First you need the ufs module, which I assume you have (though I may be remembering incorrectly as to the error message)
Then I believe it's `ufstype=ufs2,  (Unless this is a Solaris partition )`
https://www.cyberciti.biz/faq/howto-linux-mount-freebsd-ufs2-filesystem/

As T-Daemon pointed out, I had a typo, which I've fixed.


----------



## T-Daemon (Mar 28, 2020)

scottro said:


> ufstype=*usfs2*


You have a typo there.


freeink said:


> I want mount freeBSD /dev/sda6/ ufs from Linux.


Make sure the ufs module is loaded, run
`lsmod | grep ufs`
if it doesn't appear, run
`sudo modprobe ufs`, then
`sudo mount -t ufs -o ro,ufstype=ufs2 /dev/sda6  /mnt/solaris`


----------



## ShelLuser (Mar 28, 2020)

Still... why ask Linux questions in a FreeBSD forum?  This is probably best redirected to the forum for whatever distribution you're using, because there tends to be quite some difference between those.


----------



## zirias@ (Mar 28, 2020)

OTOH, I wouldn't expect too much knowledge concerning UFS on your typical Linux forum...

But it's definitely in the wrong category here


----------



## Zvoni (Mar 28, 2020)

What i don't understand: why does he want to mount the whole partition?

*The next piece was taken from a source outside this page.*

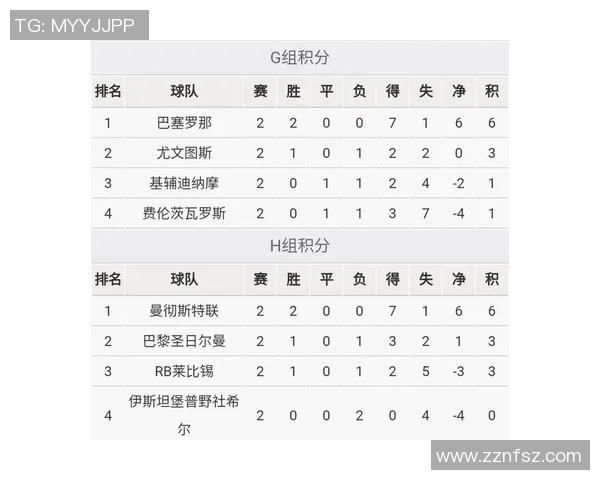 尤文图斯大胜巴萨5-0神奇扑救成比赛转折点分析 尤文图斯大胜巴萨5-0神奇扑救成比赛转折点分析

As in: mounting the Root-Folder of his FreeBSD-System.
And if it's a Multi-boot-Environment, why does he has 2 EFI-Partitions?


----------



## Phishfry (Mar 28, 2020)

Zvoni said:


> And if it's a Multi-boot-Environment, why does he has 2 EFI-Partitions?


This is actually a valid way to use multi boot operating systems.
You see we have bootx64.efi in the EFI partition. Problem is some other operating systems use the exact same file name.
So a valid work-around is to have separate EFI partitions for multi-boot.
See example here:


			Laptops/Lenovo_Yoga_3_14/DualBoot - FreeBSD Wiki


----------



## ralphbsz (Mar 28, 2020)

Zvoni said:


> What i don't understand: why does he want to mount the whole partition? As in: mounting the Root-Folder of his FreeBSD-System.
> And if it's a Multi-boot-Environment, why does he has 2 EFI-Partitions?


Probably because you can't mount something smaller than a whole partition. Certainly, the root directories (like /etc and /bin and /usr/lib) will be pretty useless on Linux, but they don't hurt, other than perhaps causing confusion.


----------